The evaluation of C compilers is a widely discussed topic of recent scientific investigations. In [5] instruction scheduling and register allocation are discussed as important compiler efficiency influencing factors. This is because parallel execution of multiple instructions requires correct instruction combination as well as appropriate operands and data types.

In this paper we analyze the C-compiler for the Texas Instruments TMS320C55x (C55x) processor using two well-known computationally intensive algorithms (FIR filter and LMS algorithm). We present an approach consisting of a sequence of directed experiments that helps to analyze and exploit some important features of the TMS320C55x architecture such as dual multiply accumulate unit (dual MAC) and instruction level parallelism. In [11] Texas Instruments recommend non – standard C coding guidelines that help to exploit the dual MAC unit using a direct form I of block FIR filter kernel as an example. In our experiments we use a direct form I transposed implementation of block FIR filter and propose a different approach to dual MAC exploitation while recording code size and cycle count for the experiments.

The remainder of the paper is organized as follows: Section II gives a brief overview of relevant features of the C55x architecture, Section III describes some of the optimization techniques used in our investigation, Sections IV and V present results and an analysis of these results and final conclusions are presented in Section VI.

#### **Architecture description**

The Texas Instruments TMS320C55x is a multi-issue 16-bit fixed-point DSP processor family.
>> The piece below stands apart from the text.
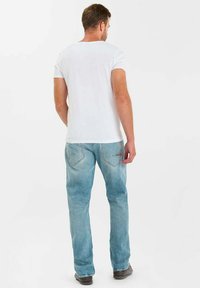 T-shirt blanc à manches courtes et jean en denim bleu clair. Le jean comporte des poches arrière avec des coutures discrètes. Design simple, coupe décontractée.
The main features of C55x are as follows:

- Five functional units: Instruction Buffer Unit (I-Unit), Program Flow Unit (P-Unit), Address-Data Flow Unit (A-Unit), Data Computation Unit (D-Unit), Memory Interface Unit (M-Unit);
- Two Multiply Accumulate Units (dual MAC), two ALUs, and four accumulators;
- Five 16-bit data busses: three for data read and two for data write;
- Variable instruction width architecture. The width of the instruction word can vary between 8 and 48 bits.
- Multi issue: executes up to two instructions in parallel.

The exploitation of variable instruction width could lead to smaller program memory usage, while employment of the dual MAC architecture as well as dual ALUs and four accumulators could lead to parallel execution of instructions. However, there is no hardware-based scheduling of instructions; therefore the parallelism has to be detected and scheduled at compile time.

The main requirements for parallelism exploitation are in general that the resource constraints of the architecture are respected. This implies in particular that [6]:

- Two instructions can be executed in parallel if assembled they do not exceed 48 bits (6 bytes);
- Each instruction makes no more than a single data memory access;
- Memory, cross unit and constant busses do not compete for access;
- Parallelism is allowed between operations executed within the A-unit, the D-unit or the P-unit;
- Parallelism between subunits within the A-unit, D-unit or P-unit is allowed.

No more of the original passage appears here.